Barbados Prime Minister, Mia Mottley.
Photo by George Alleyne

Tiny populations in the Caribbean separated by stretches of sea present a challenge for commercial airline service operators to profitably fly to these destinations.

Yet the future of the only airline service, that touches 15 countries from Guyana in the southern Caribbean, to Barbados in the east and St Thomas and Puerto Rico in the northwest regardless of size or profitability of route, continues to hang in the balance owing mainly to apparent reluctance of some regional leaders to share the burden of keeping Caribbean citizens connected.

That airline service is LIAT, on whom larger air service providers such as Caribbean Airlines depend on as a feeder of passengers from some small territories from where persons wish to get on long-haul aircraft to take them to the USA, Canada and Europe.

In its struggles to maintain the Caribbean service LIAT has had many cash crises because until recently there were only four regional government shareholders contributing to its survival, while other nations refuse to put a cent into the company that benefits their citizens.

With 49.4 per cent of share ownership Barbados carries the bulk of LIAT’s financial burden, followed by Antigua with 34 per cent. St Vincent and the Grenadines, and Dominica account for some 10 per cent shareholding. Grenada joined this year with a minority contribution. Private shareholders and employees account for 5.3 per cent.

The circumstances of the cash-strapped airline provoked frustration leading to a recent outburst by Barbados Prime Minister Mia Mottley in which she reportedly used the term ‘doomed’ in relation to the airline’s future.
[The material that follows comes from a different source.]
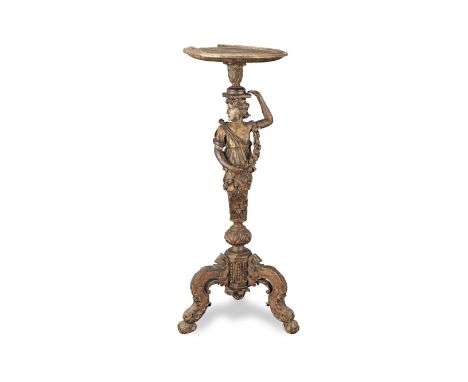 A Dutch late 17th/early 18th century carved giltwood figural tripod torchere1700-1710The dished circular top with a moulded s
“LIAT is not a CARICOM issue, LIAT is the issue of three or four governments having to have shareholder discussions.

“Now if you expect the three or four shareholder governments alone to carry the burden then you will end up in trouble each time because it means that at some point they are going to make commercial decisions because there is not a bottomless pit to service it,” she said.

Mottley said she hopes regional governments can come together and have common ground “because while LIAT 1974 Limited may not be a viable proposition, reasonable, affordable, reliable air travel is the prerequisite for the growth of this region.”

But Antigua’s Prime Minister, Gaston Brown – who had earlier this year attempted to buy out the majority of Barbados’ shares but talks between the two countries fell through – said LIAT is far from doomed.

Supporting his resolve to keep the troubled carrier afloat, he recently flew to Venezuela and signed a financing agreement for $15.8 million with ALBA Bank, established as a regional development finance house in 2005 by now deceased Venezuelan President Hugo Chavez, and Cuban President Fidel Castro.

“LIAT is our infrastructure that links our scattered islands into a single economic space, and it breathes oxygen into our tourism industry,” Browne said after the signing.

Of the loan amount, US$15 million will go to capital investment, and the remainder towards associated bank fees and Antigua’s membership contribution to ALBA.

“A condition of this new capital would be that there has to be cuts including a reduction in salary and wages. I’m sure that there’ll be some changes … We have to make sure that we have a cadre of competent people and we may even create the space for members in the private sector as well to participate,” said Browne.

Browne’s valiant efforts must be commended, bearing in mind that the Antigua-headquartered carrier employs over 600 people there.

But the question remains of what happens if LIAT’s cost cutting does not lead to profitability, and when will other regional governments chip in to save this vital connector of Caribbean people.